───── Available records ─────

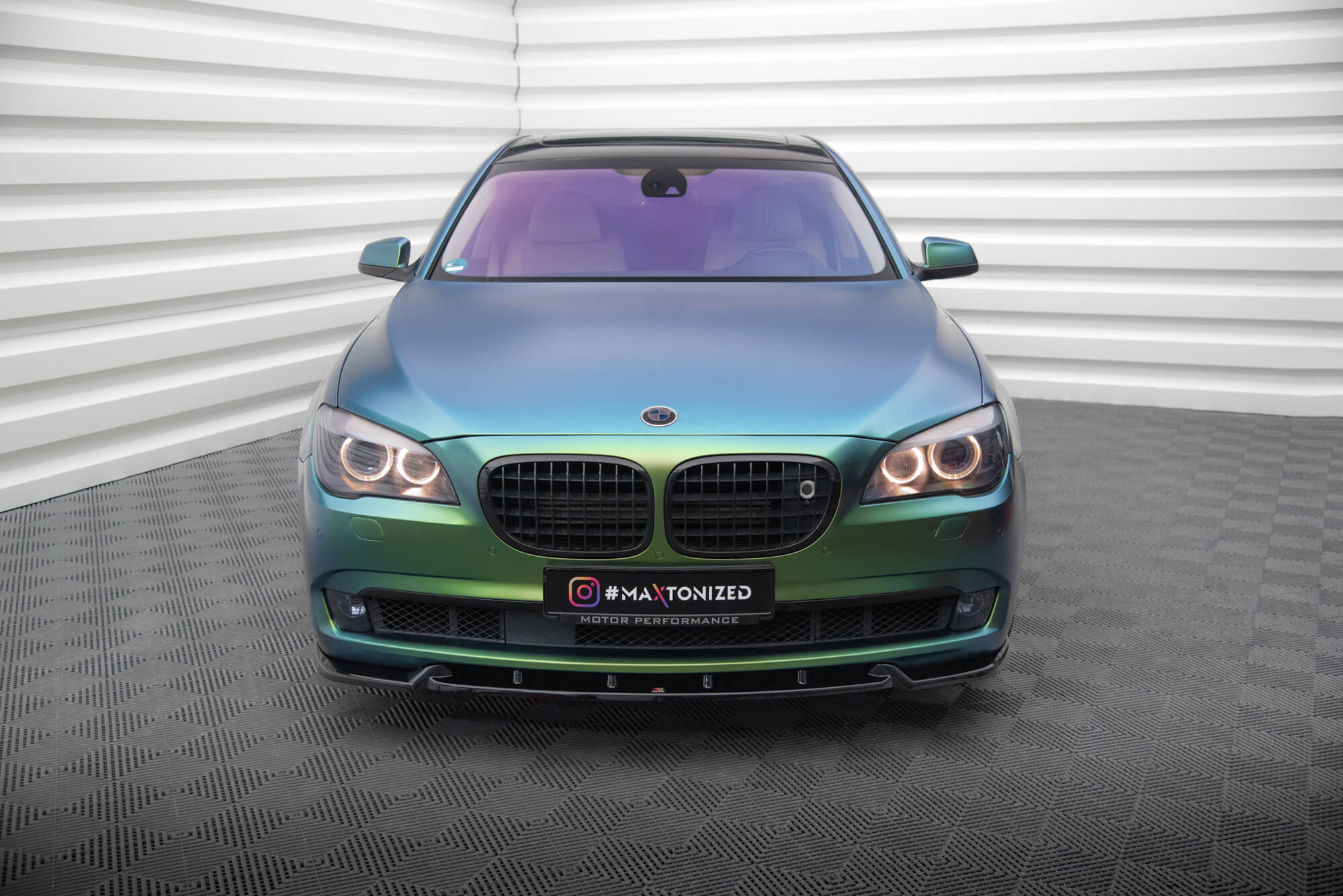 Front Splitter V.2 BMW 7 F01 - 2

─────
───── Available records ─────

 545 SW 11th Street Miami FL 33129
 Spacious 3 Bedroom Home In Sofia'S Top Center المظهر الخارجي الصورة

─────

→ Problem description
Please return only the lines above, starting at the line that has "545 SW 11th Street Miami FL 33129" and ending at the line that has "Spacious 3 Bedroom", keeping both and leaving each one unchanged.

→ Exercise result
 545 SW 11th Street Miami FL 33129
 Spacious 3 Bedroom Home In Sofia'S Top Center المظهر الخارجي الصورة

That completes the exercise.